■ Information provided ■
/---

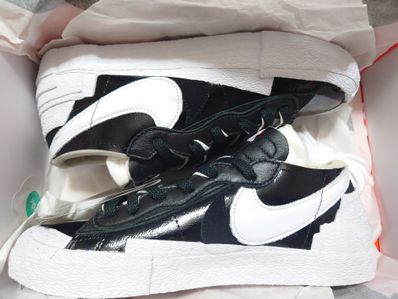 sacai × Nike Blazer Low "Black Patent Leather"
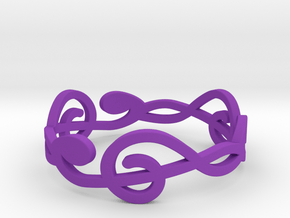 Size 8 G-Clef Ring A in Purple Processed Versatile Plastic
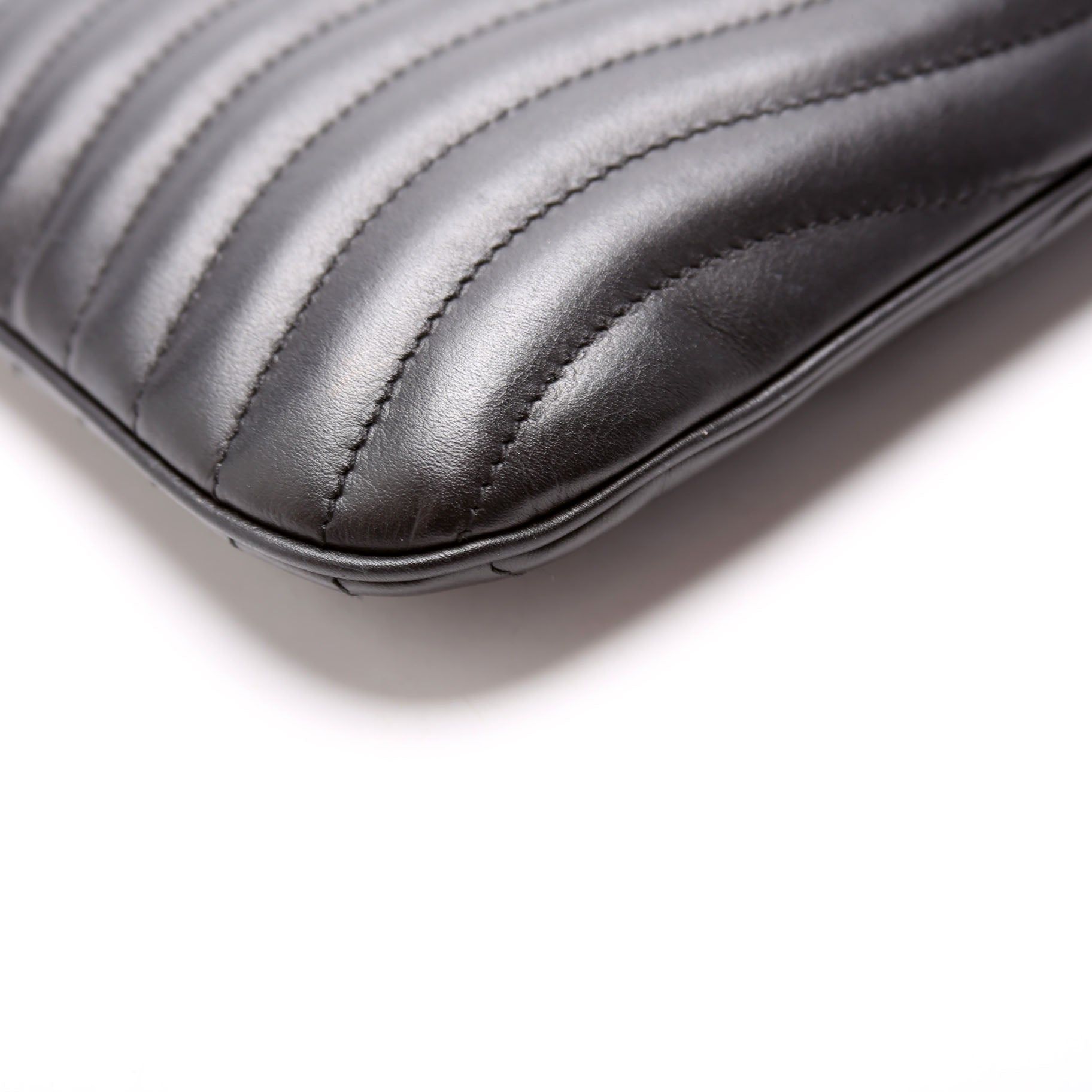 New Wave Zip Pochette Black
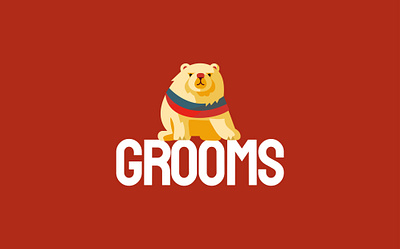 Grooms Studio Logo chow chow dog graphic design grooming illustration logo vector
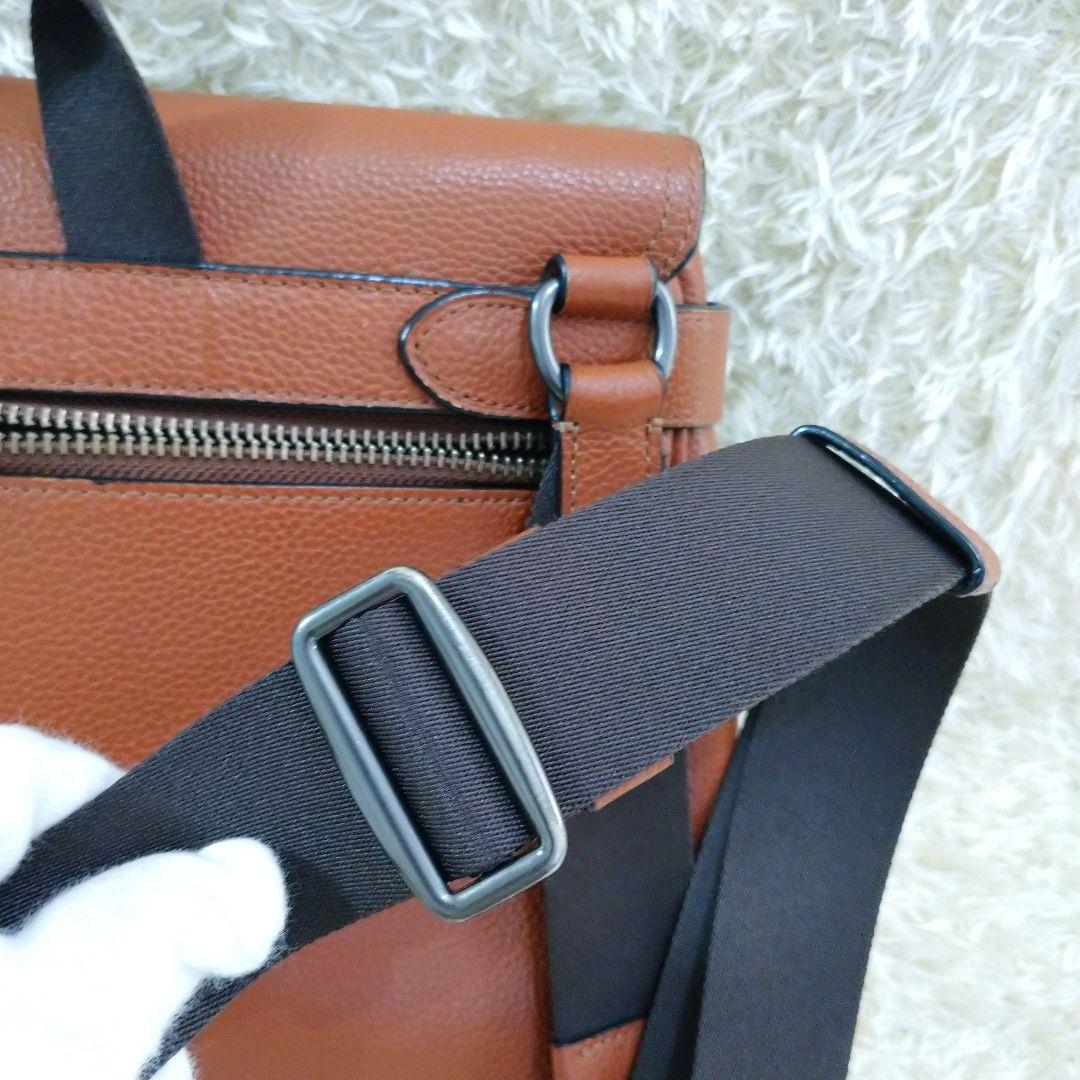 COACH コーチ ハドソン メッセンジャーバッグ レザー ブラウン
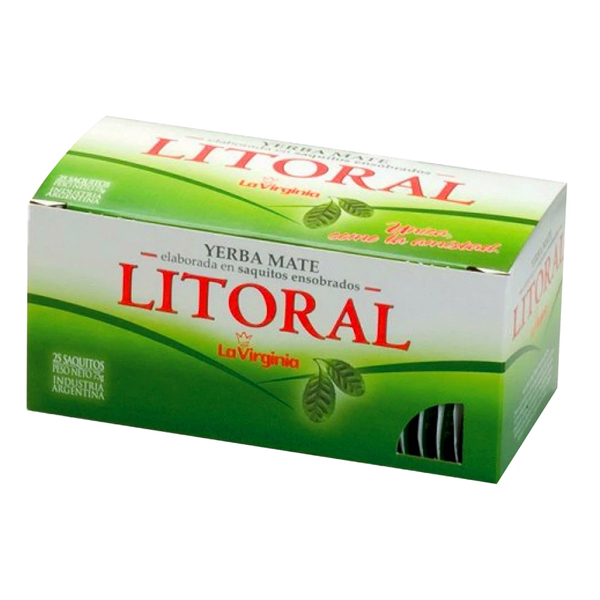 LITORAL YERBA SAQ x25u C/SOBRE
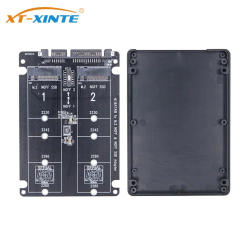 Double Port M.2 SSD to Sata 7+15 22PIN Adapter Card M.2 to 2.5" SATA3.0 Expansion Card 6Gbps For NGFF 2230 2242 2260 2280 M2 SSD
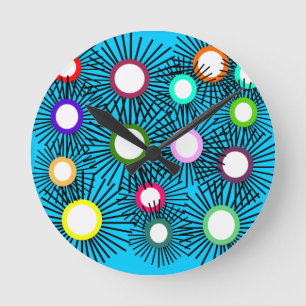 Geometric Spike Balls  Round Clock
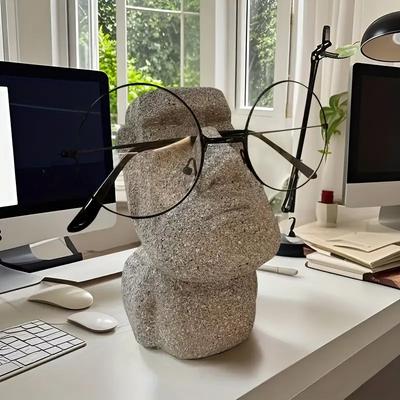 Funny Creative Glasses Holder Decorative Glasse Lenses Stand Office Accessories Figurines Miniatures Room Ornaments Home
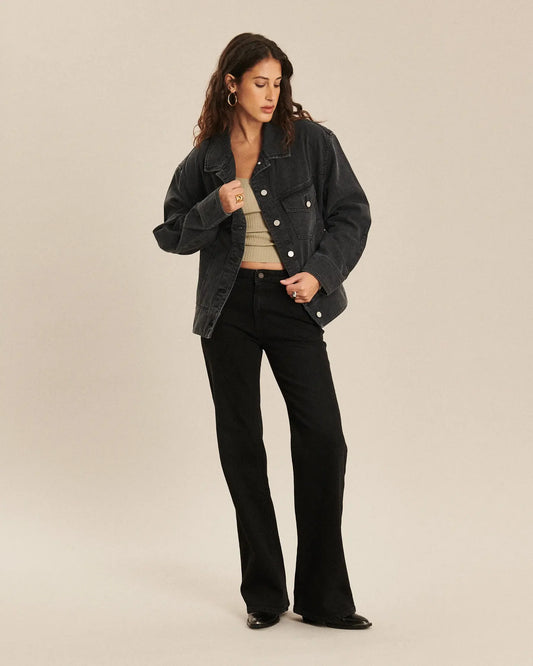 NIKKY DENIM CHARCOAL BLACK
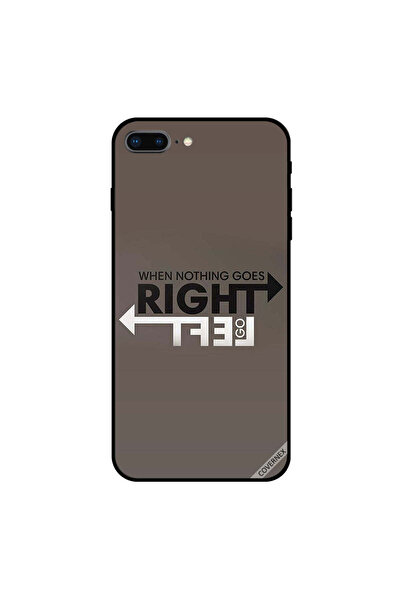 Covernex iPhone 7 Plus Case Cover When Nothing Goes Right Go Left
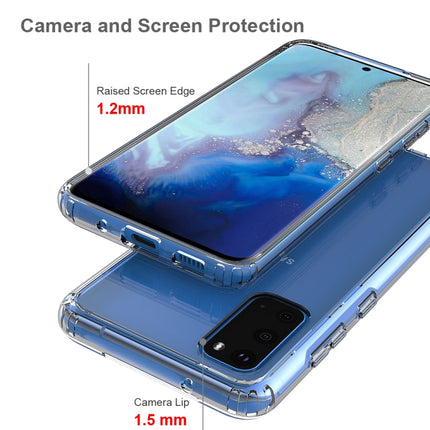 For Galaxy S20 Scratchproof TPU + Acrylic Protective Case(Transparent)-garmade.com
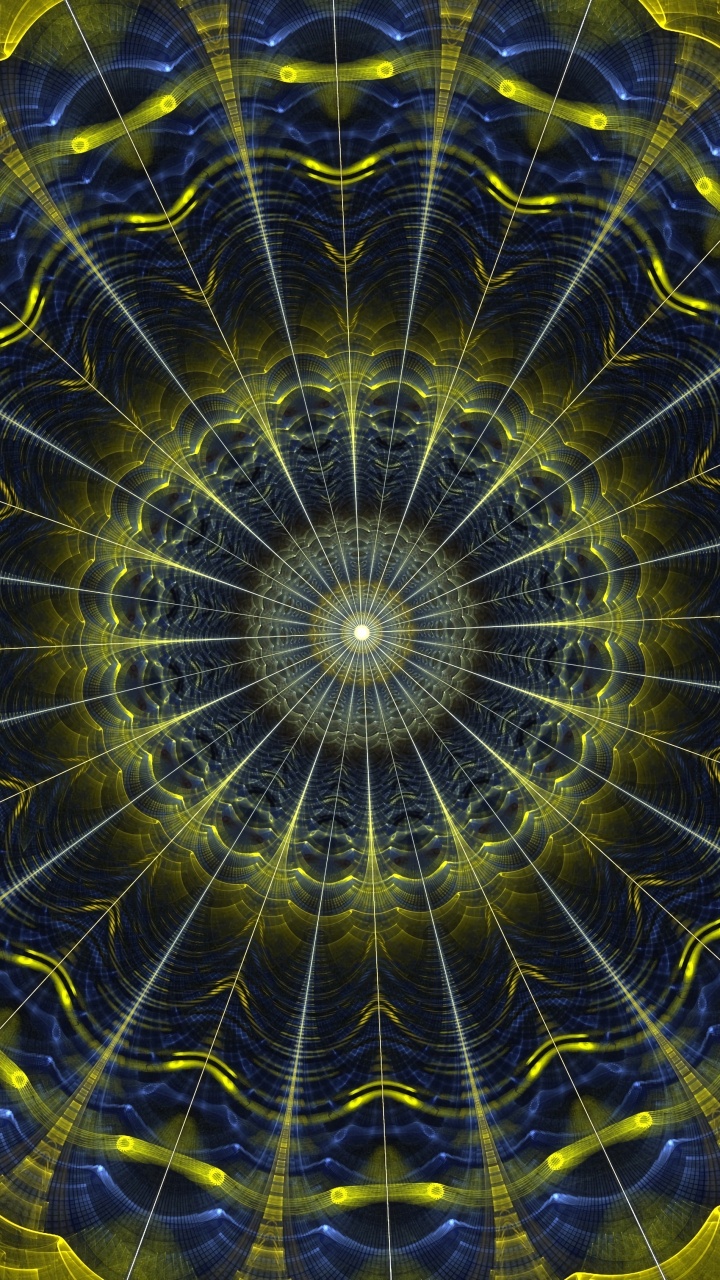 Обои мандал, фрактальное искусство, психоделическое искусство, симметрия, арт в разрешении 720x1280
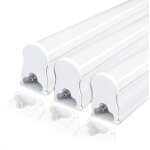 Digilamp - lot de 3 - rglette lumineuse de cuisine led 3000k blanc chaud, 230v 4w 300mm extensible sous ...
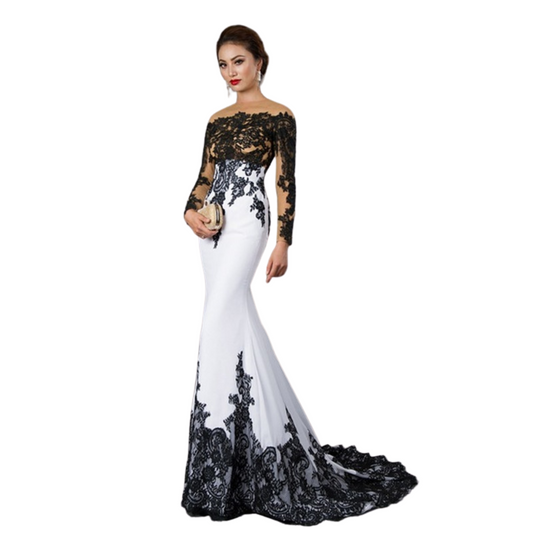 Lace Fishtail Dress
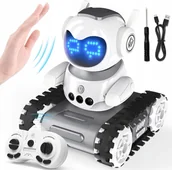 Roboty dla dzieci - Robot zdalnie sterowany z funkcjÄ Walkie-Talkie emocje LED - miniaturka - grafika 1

\---

■ Your goal ■
The answer is the run of lines from the one with "Обои мандал, фрактальное" through the final line of the data, copied exactly, and nothing else; no pictures.

■ Solution to this problem ■
 Обои мандал, фрактальное искусство, психоделическое искусство, симметрия, арт в разрешении 720x1280
 Digilamp - lot de 3 - rglette lumineuse de cuisine led 3000k blanc chaud, 230v 4w 300mm extensible sous ...
 Lace Fishtail Dress
 Roboty dla dzieci - Robot zdalnie sterowany z funkcjÄ Walkie-Talkie emocje LED - miniaturka - grafika 1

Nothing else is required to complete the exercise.